*Supplied material*.
◆ ◆ ◆ ◆

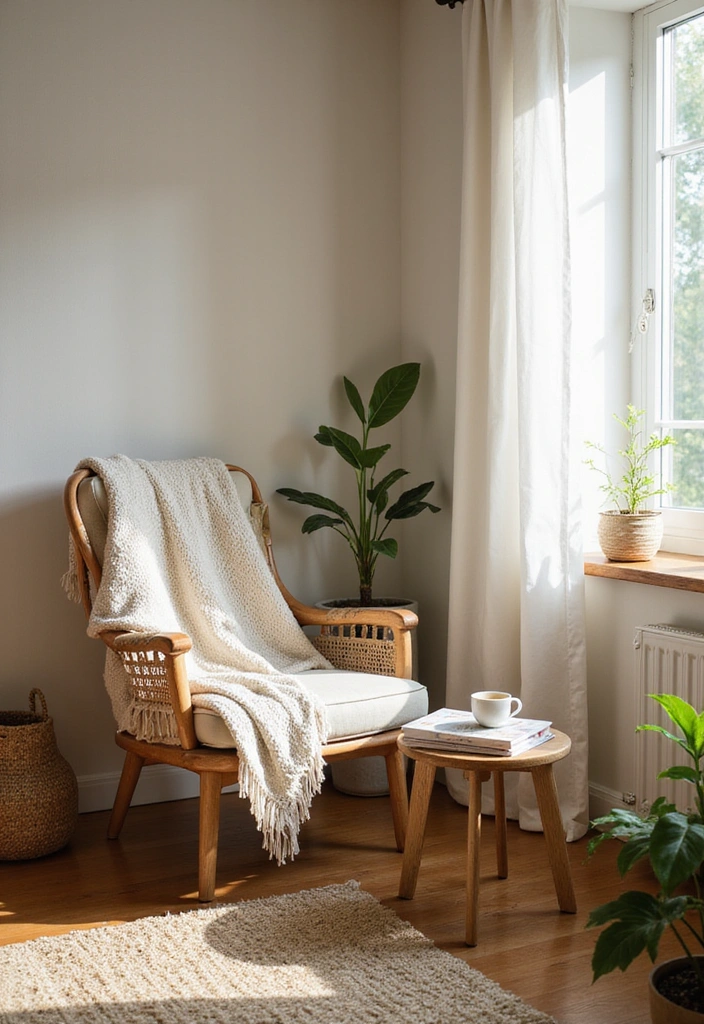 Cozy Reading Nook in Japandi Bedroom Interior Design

◆ ◆ ◆ ◆

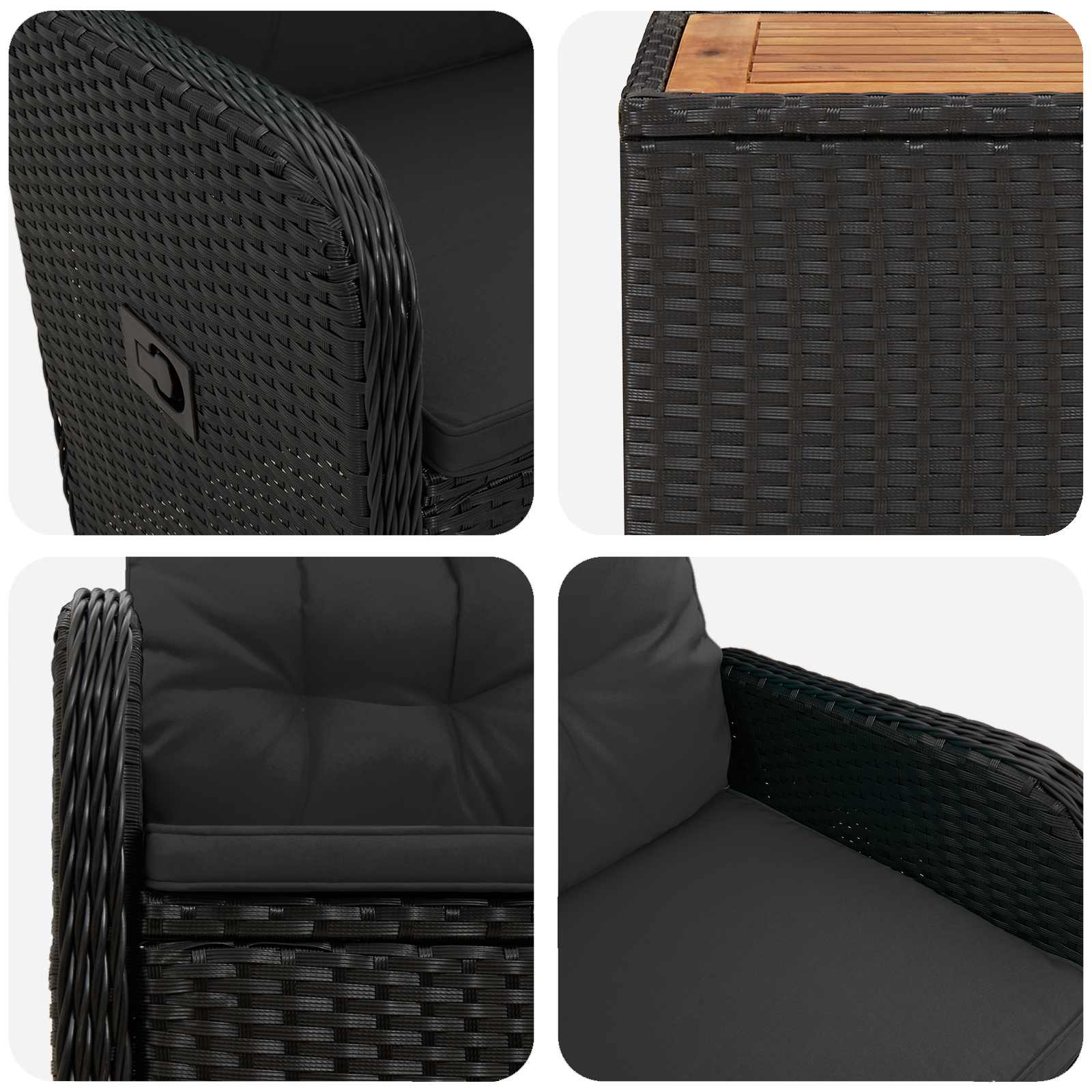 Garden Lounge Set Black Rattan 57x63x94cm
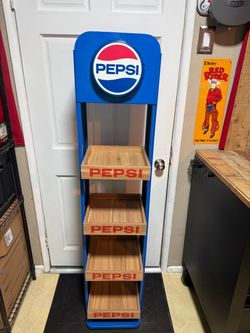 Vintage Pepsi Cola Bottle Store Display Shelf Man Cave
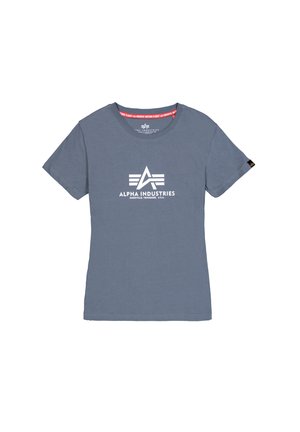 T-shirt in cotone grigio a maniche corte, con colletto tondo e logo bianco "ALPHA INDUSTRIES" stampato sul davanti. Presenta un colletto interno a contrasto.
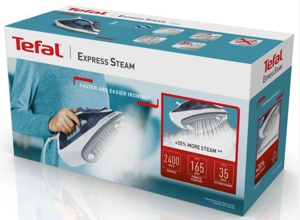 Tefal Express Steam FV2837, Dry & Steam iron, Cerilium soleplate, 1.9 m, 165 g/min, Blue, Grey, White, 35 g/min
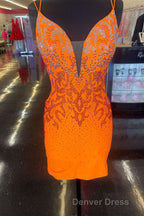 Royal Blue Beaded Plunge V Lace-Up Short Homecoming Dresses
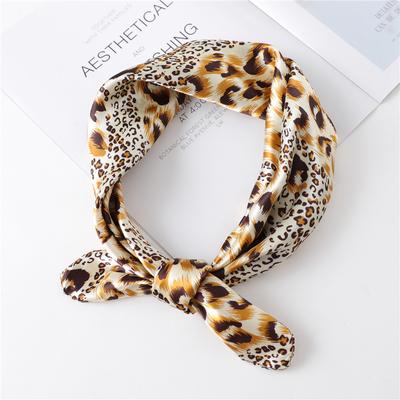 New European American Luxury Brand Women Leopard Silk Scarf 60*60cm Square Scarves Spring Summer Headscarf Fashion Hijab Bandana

◆ ◆ ◆ ◆

*Task details*. What you need to produce is an exact copy of the entries above, limited to the lines from the one with "Garden Lounge Set Black Rattan 57x63x94cm" up to and including the one with "New European American", without pictures.

*Completed task*.
 Garden Lounge Set Black Rattan 57x63x94cm
 Vintage Pepsi Cola Bottle Store Display Shelf Man Cave
 T-shirt in cotone grigio a maniche corte, con colletto tondo e logo bianco "ALPHA INDUSTRIES" stampato sul davanti. Presenta un colletto interno a contrasto.
 Tefal Express Steam FV2837, Dry & Steam iron, Cerilium soleplate, 1.9 m, 165 g/min, Blue, Grey, White, 35 g/min
 Royal Blue Beaded Plunge V Lace-Up Short Homecoming Dresses
 New European American Luxury Brand Women Leopard Silk Scarf 60*60cm Square Scarves Spring Summer Headscarf Fashion Hijab Bandana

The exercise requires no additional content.